J’avais envie de conserver la même dynamique par rapport au premier film. Je ne sais pas si ça change quelque chose, mais en tout cas, ça prouve qu’on me permet d’avoir cette liberté artistique — ou je la prends. je ne sais pas dans quel sens ça fonctionne
Eric et Olivier, j’ai tourné avec eux dans Une année difficile, c’est là qu’on s’est rencontrés. J’étais déjà en préparation : je tournais deux mois plus tard. L’écriture était déjà terminée, c’était prêt, ils sont montés sur le bateau parce qu’ils ont été séduits. Et du coup, cette collaboration a plutôt existé en post-production qu’en amont du tournage. Ils m’ont laissée complètement libre, ils m’ont donné feu vert et on été un soutien en post-production. À aucun moment, ils n’ont essayé de me cadrer. Et je crois que c’est pour le mieux parce que du coup, le produit reste assez brut — c’est important pour moi. Pour l’instant, la relation, elle est super : on adore travailler ensemble et je pense qu’on va retravailler ensemble. C’est eux aussi qui m’ont permis de rencontrer Gaumont, même si j’avais adoré travailler avec Le Pacte. C’est un voyage…

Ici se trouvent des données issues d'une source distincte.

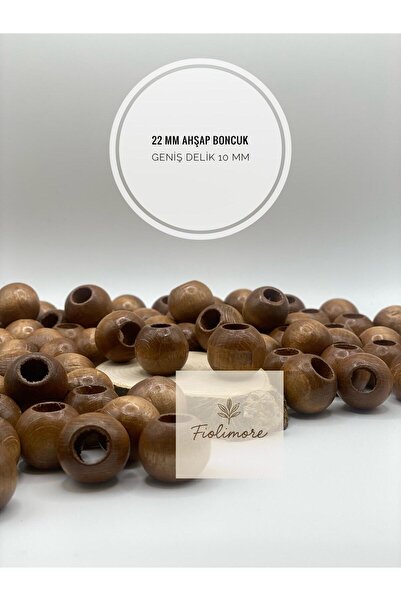 Fiolimore Sütlü Kahve Makrome Ahşap Boncuk 22 mm(50 Gram 15 Adet)Geniş Delik ...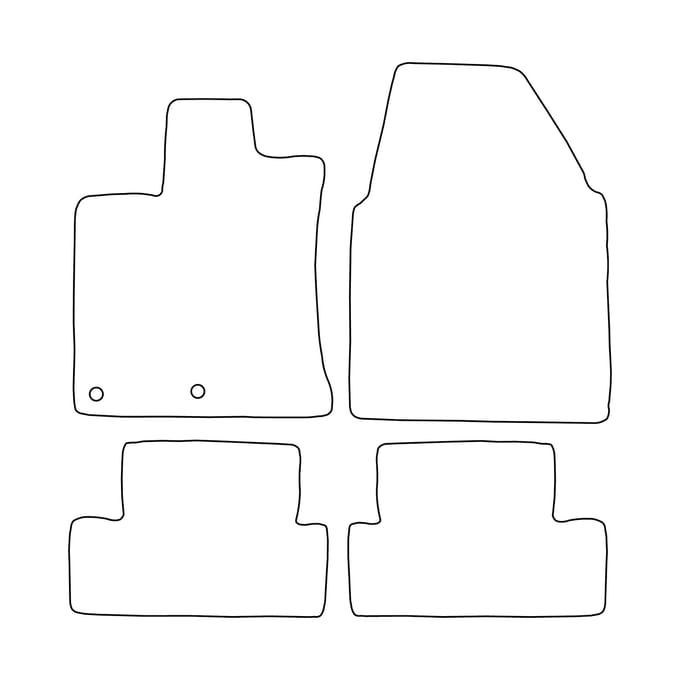 Complete set veloursmatten passend voor de Nissan Qashqai I 2007-2012 - blauwe afwerking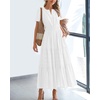 image:imageBTFBM Womens Summer 2026 Casual Midi Maxi Dresses Lightweight Short Sleeve V Neck Elastic Waist Boho Beach Dress PocketsWhite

Est-ce un confort supplémentaire d’avoir été ici uniquement derrière la caméra ?
Un confort ? Je sais pas… Quand je l’ai fait sur mon premier, je me suis dit « plus jamais ». Et maintenant, je me pose la question. Je pense que ça dépend des rôles. Là, je n’avais pas de place. Je n’avais pas envie m’en octroyer. Là, j’avais envie de mettre en scène et de ne que mettre en scène.
Notre monde de Luàna Bajrami (Kos.-Fr., 1h25) avec Albina Krasniqi, Elsa Mala, Don Shala… en salle le 24 avril 2024.